Studio album by the Cruel Sea
- Released: 28 October 1991
- Studio: Megaphon Studios
- Genre: Indie rock
- Length: 49:13
- Label: Red Eye, Polydor
- Producer: The Cruel Sea, Tony Cohen

The Cruel Sea chronology
| Down Below (1989) | This Is Not the Way Home (1991) | The Honeymoon Is Over (1993) |

Singles from This is Not the Way Home
- "I Feel" Released: September 1991; "4" Released: April 1992; "This is Not the Way Home" Released: August 1992;

= This Is Not the Way Home (album) =

This is Not the Way Home is the second studio album by Australian indie rock band the Cruel Sea. The album was released in October 1991 and peaked at number 62 on the Australian albums chart. With the release of This is Not the Way Home, the Cruel Sea embarked on a European tour supporting Nick Cave and the Bad Seeds.
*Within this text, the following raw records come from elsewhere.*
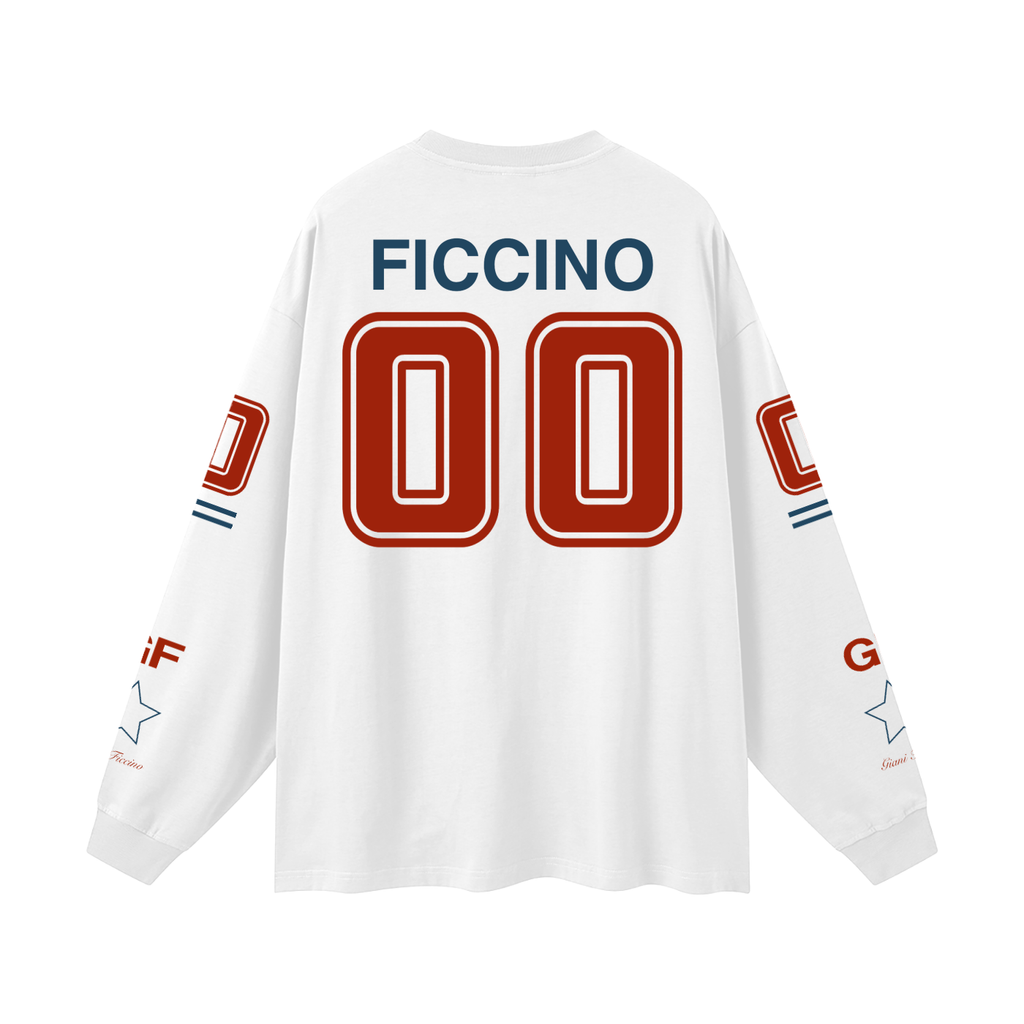 Oversized “Captain” Long Sleeve T-Shirt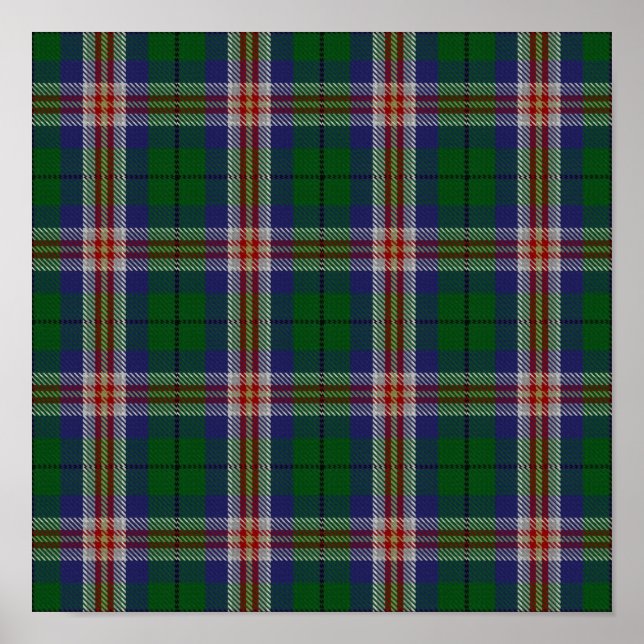 US State Tartan - Kentucky - Digital Download Poster (Framsidan)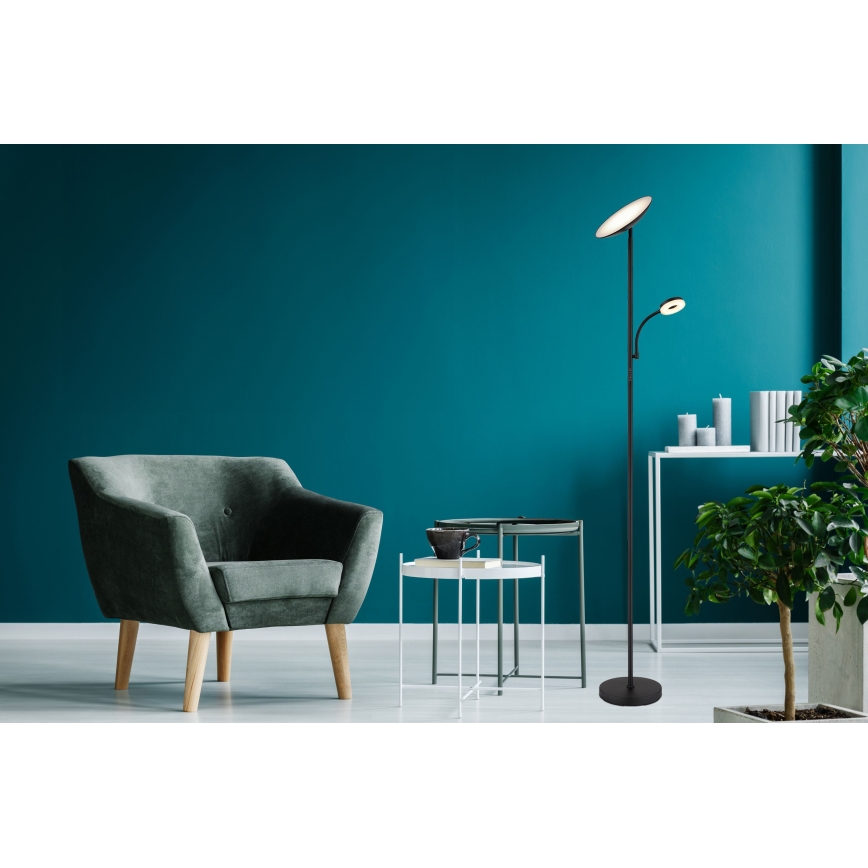 Globo - LED Димируем лампион LED/20W/230V+ LED/5W 3000/4000/6500K черен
At the ARIA Music Awards of 1993, the album earned the band a nomination for Best Group. Tony Cohen was nominated for Producer of the Year.

==Recording==
The album was recorded at Megaphon Studios, near Sydney Airport. Producer Tony Cohen said, "The plan was for it to be a natural recording, with nothing too fancy. The studio had empty factory space, so I decided to use it as reverb chambers. Reverb on drums, vocals, backing vocals. Most times I managed to get my experiments right."

==Reception==
This is Not the Way Home garnered critical acclaim. The music ranged from funky Louisiana swamp blues to sweet soul, with Perkins' laconic vocals recalling the spirit of Captain Beefheart, Tony Joe White and John Lee Hooker in the process.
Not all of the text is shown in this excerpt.